Editorial Principles
- Leave open questions open. For questions whose answer depends on style or lineage, we do not adopt any one position. We map only the differences, the questions, and the discontinuities.
- Plain words, deep reach. Every chapter aims to be readable by a junior- or senior-high-school student, without lowering the standard of scholarship. Technical terms come with notes and tables.
- Citation-first. All quotations are sourced; each chapter closes with a reference list.
- Two audiences in mind. Where content is obvious to practitioners, we add supplementary boxes for newcomers.
- Length follows content. No upper word limit. Short topics stay short; some chapters run to tens of thousands of words.
Translation Principles
- Japanese terms are retained when nuance matters.
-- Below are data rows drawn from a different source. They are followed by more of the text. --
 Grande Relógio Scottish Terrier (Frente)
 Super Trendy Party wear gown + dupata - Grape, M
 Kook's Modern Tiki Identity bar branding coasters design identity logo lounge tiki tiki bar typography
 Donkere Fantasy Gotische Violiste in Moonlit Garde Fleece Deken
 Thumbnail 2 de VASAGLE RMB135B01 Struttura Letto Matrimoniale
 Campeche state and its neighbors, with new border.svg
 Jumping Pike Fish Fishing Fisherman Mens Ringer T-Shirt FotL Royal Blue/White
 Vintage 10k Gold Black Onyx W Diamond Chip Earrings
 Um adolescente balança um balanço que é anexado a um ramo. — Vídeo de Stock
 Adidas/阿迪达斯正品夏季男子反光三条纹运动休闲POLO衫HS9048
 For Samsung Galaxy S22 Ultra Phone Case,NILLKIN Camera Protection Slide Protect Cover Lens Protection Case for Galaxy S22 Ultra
Words such as karate, kata (型, “form”), kumite (組手, “sparring”), dojo (道場), budo (武道), bujutsu (武術), bushido (武士道), te / ti (手, the Okinawan vernacular for traditional fighting methods), tode / karate (唐手), and similar key terms are kept in romanized form, with the Japanese characters and a brief gloss on first use.
- Names and written forms. For figures whose names appear in multiple written forms, the forms are distinguished on first mention. For example, Funakoshi Gichin may appear as 船越義珍 or 富名腰/冨名腰義珍 in different historical contexts; these are written-form differences rather than a separate “Tominakoshi” reading.
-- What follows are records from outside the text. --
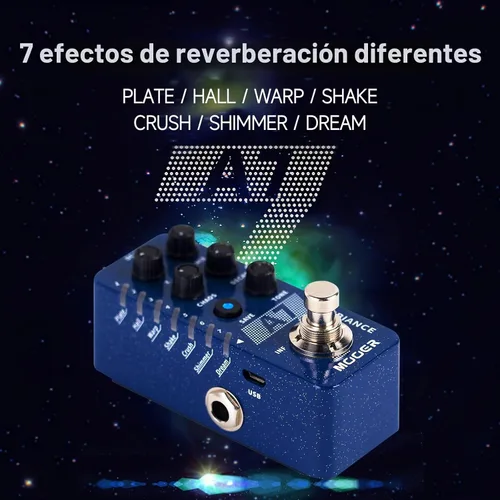 Vista 2 de MOOER A7 - Pedal de efectos para guitarra con reverberación versátil con 7 efectos de reverberación diferentes y función de guardado
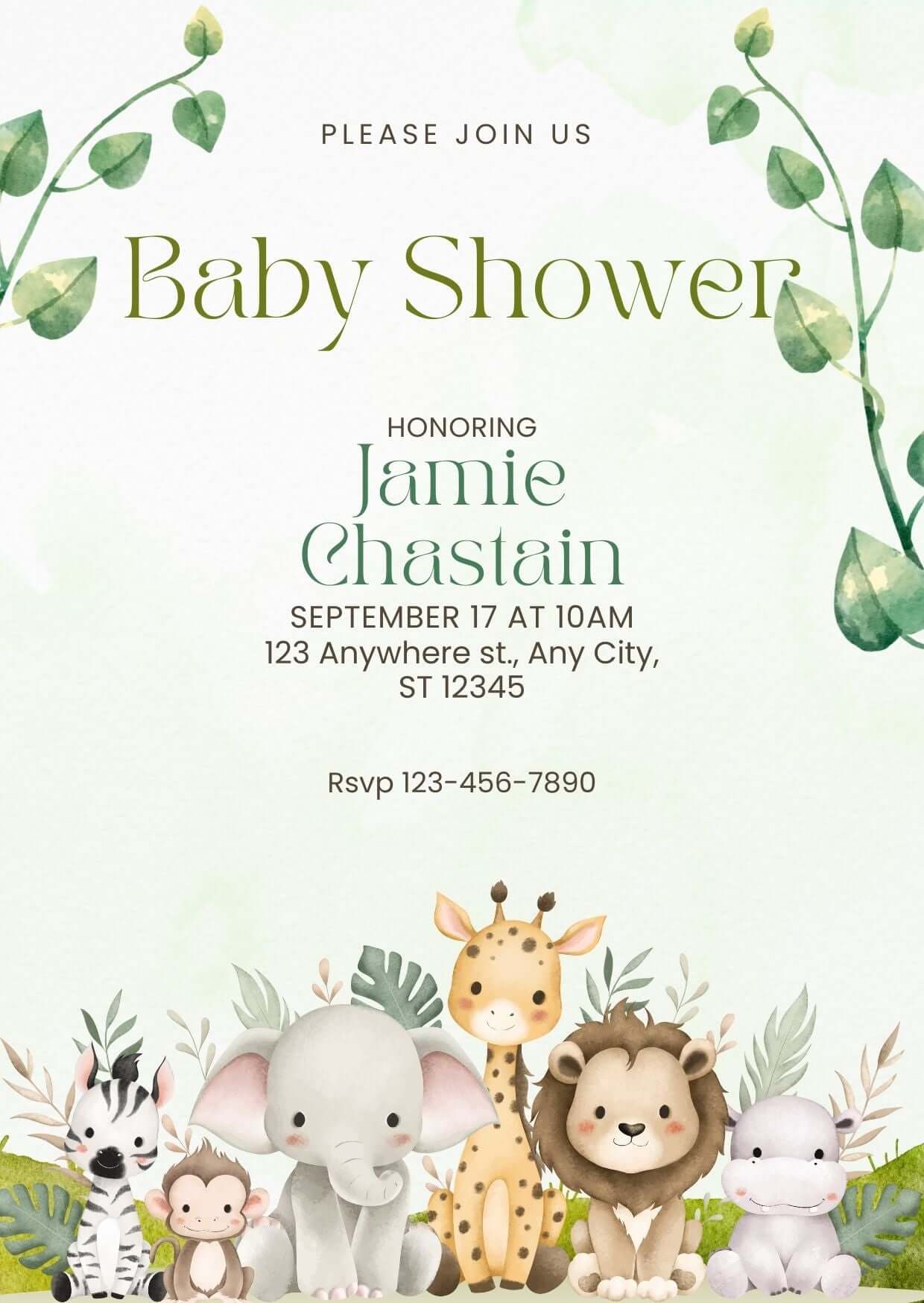 Safari baby shower invitation with watercolor jungle animals and greenery, featuring elephants, giraffes, lions, zebras, and monkeys.
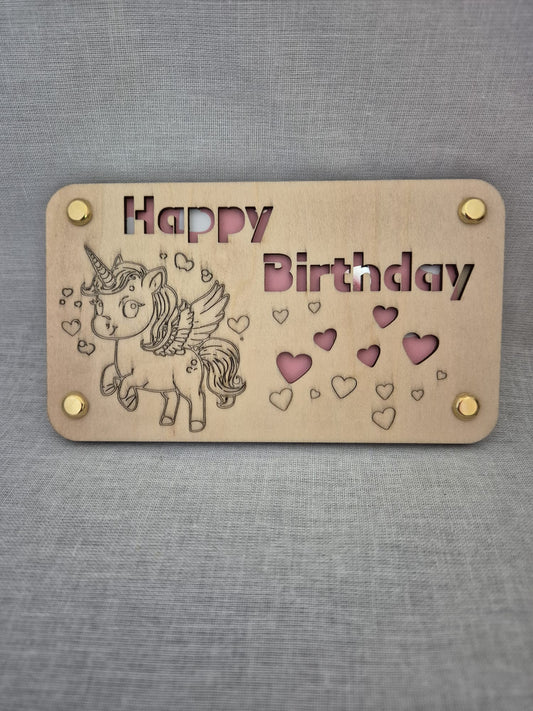Holz Karte Happy Birthday Einhorn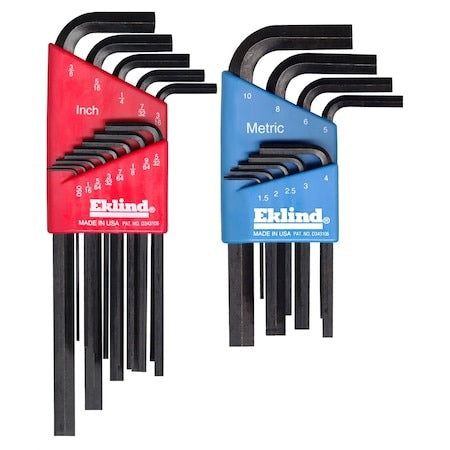 EKLIND Eklind 10022 Hex L-Key Allen Wrench Combo 22-Piece (Long Inch + Short Metric) REK10022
- Context over the literal. The aim is “what it actually meant in context,” not word-for-word English.
- Generous historical and cultural background. Items that any Japanese student learns in compulsory education may be university-level material for non-Japanese readers; we err on the side of more context.
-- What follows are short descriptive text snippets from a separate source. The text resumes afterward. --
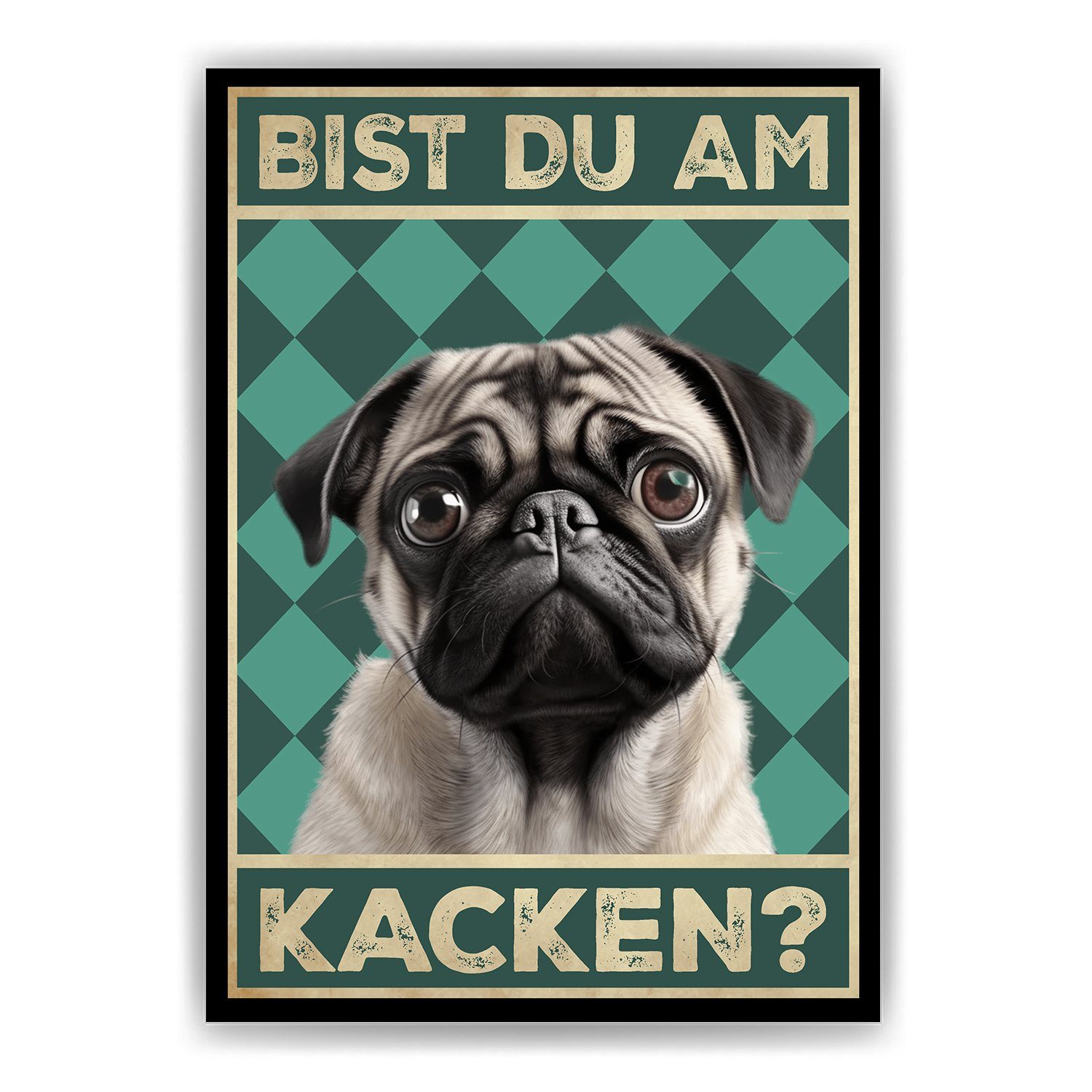 Tigerlino Poster Bist du am Kacken? Hunde Wandbild DIN A4 Gästebad Badezimm günstig online kaufen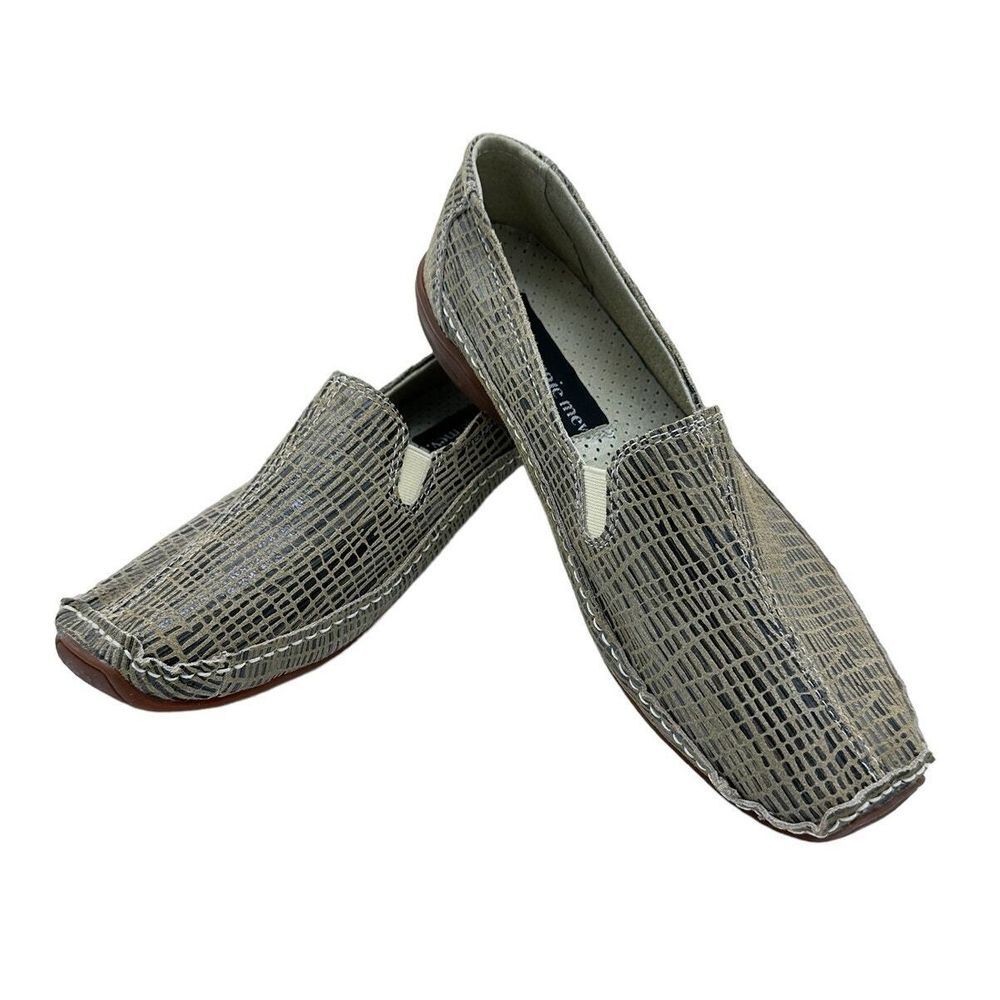 Bernie Mev Pam Women's 8/39 Beige‎ Print Driving Loafers Cushioned NWT $60 MSRP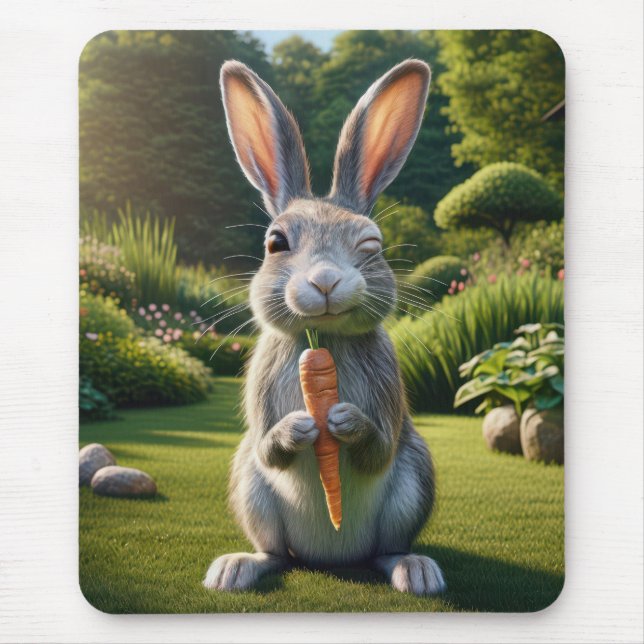 Grey Rabbit Holding a Carrot Mouse Mat (Front)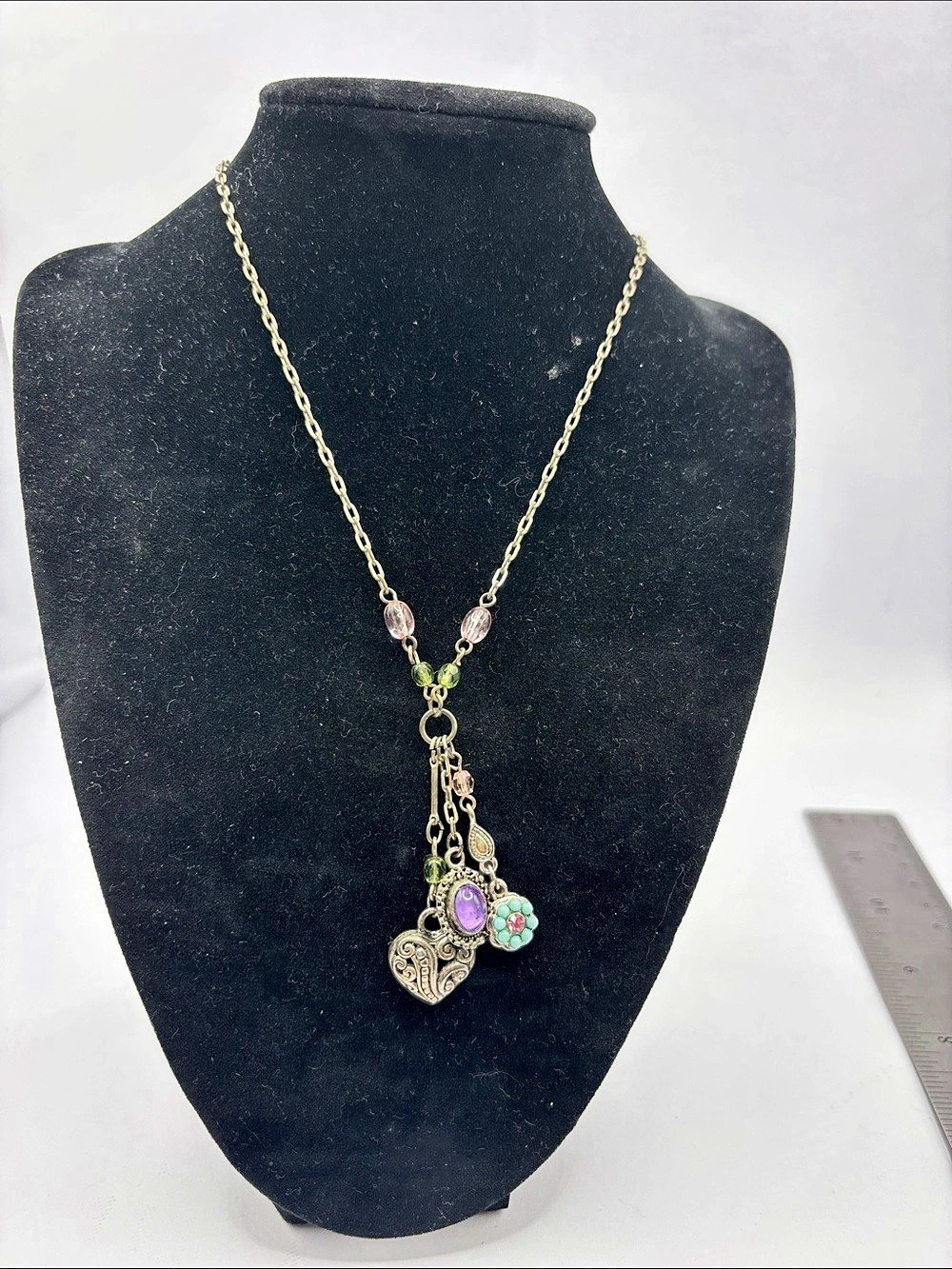 1928 Jewelry Pendant Necklace in Gold & Pink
- References. For Japanese sources, the Japanese original is given alongside an English rendering of title and publisher. Non-Japanese sources are kept as-is.
Table of Contents (Series Structure)
Part I — The Structure of the Question
- 01|Introduction: Why “What Is Karate?” Is Such a Difficult Question
- 02|Karate as a Word — A Notation History of 唐手 / 空手 / 空手道 / KARATE
Part II — Historical Depth
- 03|Ryukyuan Te (手, ティー) and Mainland Karate — Continuity and Discontinuity
- 04|The “Gymnasticization” of Tode in Meiji–Taisho Okinawa and School Education
- 05|Transplantation to the Mainland and University Club Culture — A Social History of the 1920s–30s
- 06|Kanō Jigorō and the Concept of Budō — How the Judo Model Shaped Karate
- 07|Prewar Japanese University Students and the Choice of Budō — A Statistical Portrait of the Karateka
- 08|唐手 → 空手 → 空手道 — What the Renaming Meant
Part III — Dissecting the Concept
- 09|What Is Budō? — Budō as a Conceptual History
- 10|Budō, Kakutōgi, Bujutsu — The Boundaries of Three Categories
- 11|The Myth of Toshū-Kūken (徒手空拳, “Empty-Hand”) — Sai, Tonfa, Bō, and Karate
- 12|Sport Karate and Budō Karate — The Postwar Divide
- 13|Muay Thai, Kickboxing, and Karate — A Typology of Stand-Up Combat
- 14|Karate and Religion — Intersections with Zen, Shinto, and Sectarian Religions
Part IV — Culture, Society, Body
- 15|The History of Kata — Examining the Discourse of a “Centuries-Old Tradition”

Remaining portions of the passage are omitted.